■ Recorded information
·····
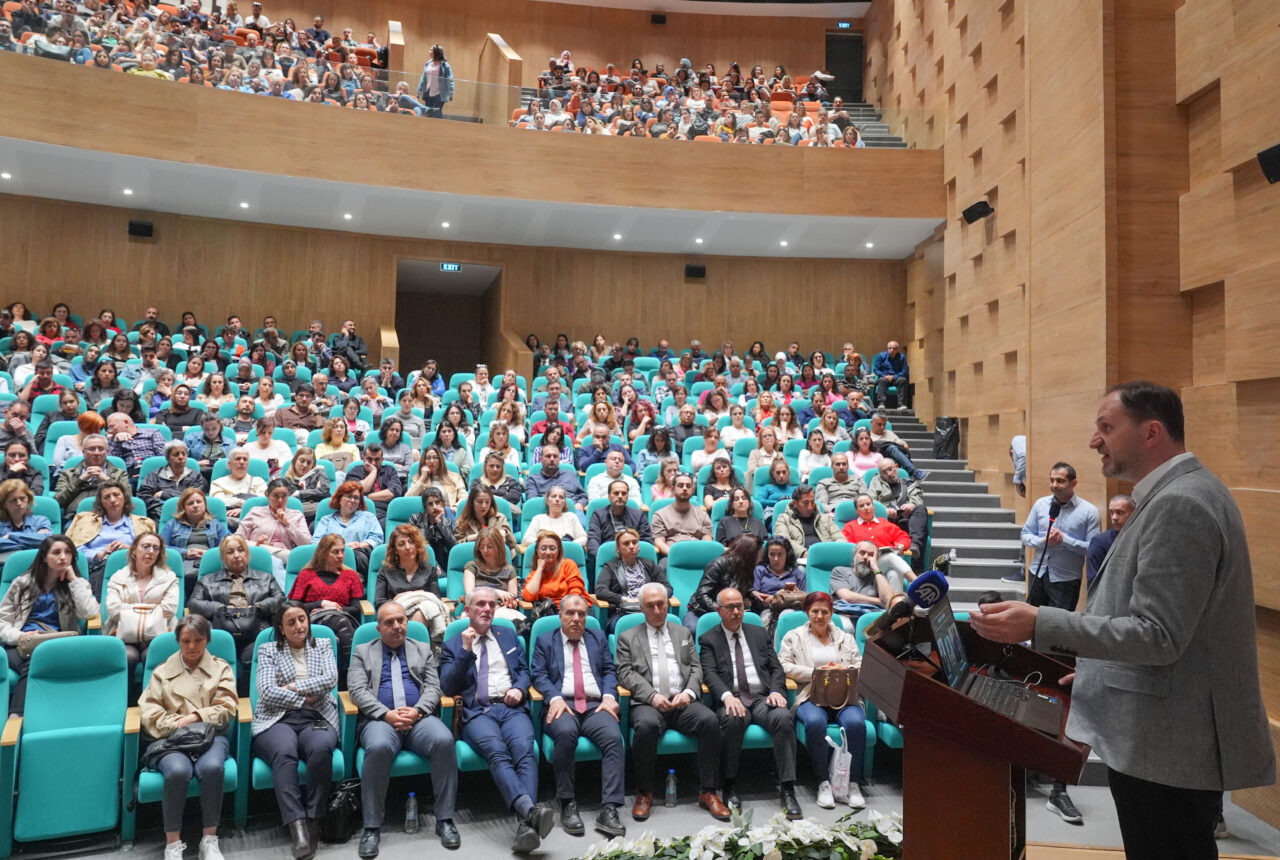 İZMİR (AA) – Yeşilay Genel Başkanı Mehmet Dinç, İzmir'de "Narrative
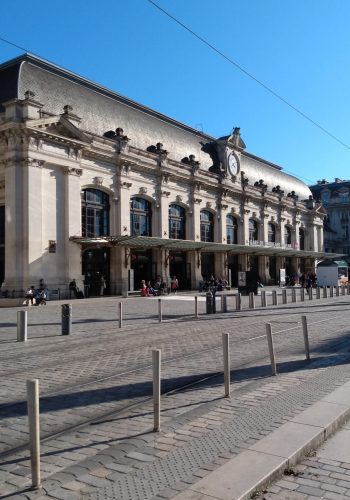 Photo de l'entrée de la gare Saint-Jean de Bordeaux prise le 24 octobre 2024.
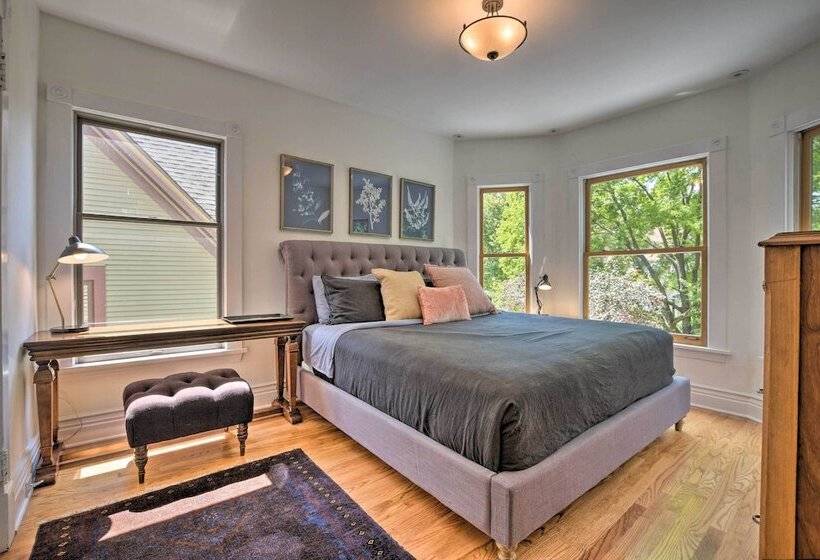 Classic Oak Park Home, 11 Mi To Downtown Chicago!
·····
■ What to work on
Could the data be reproduced exactly, with the pictures omitted?

■ Exercise result
 İZMİR (AA) – Yeşilay Genel Başkanı Mehmet Dinç, İzmir'de "Narrative
 Photo de l'entrée de la gare Saint-Jean de Bordeaux prise le 24 octobre 2024.
 Classic Oak Park Home, 11 Mi To Downtown Chicago!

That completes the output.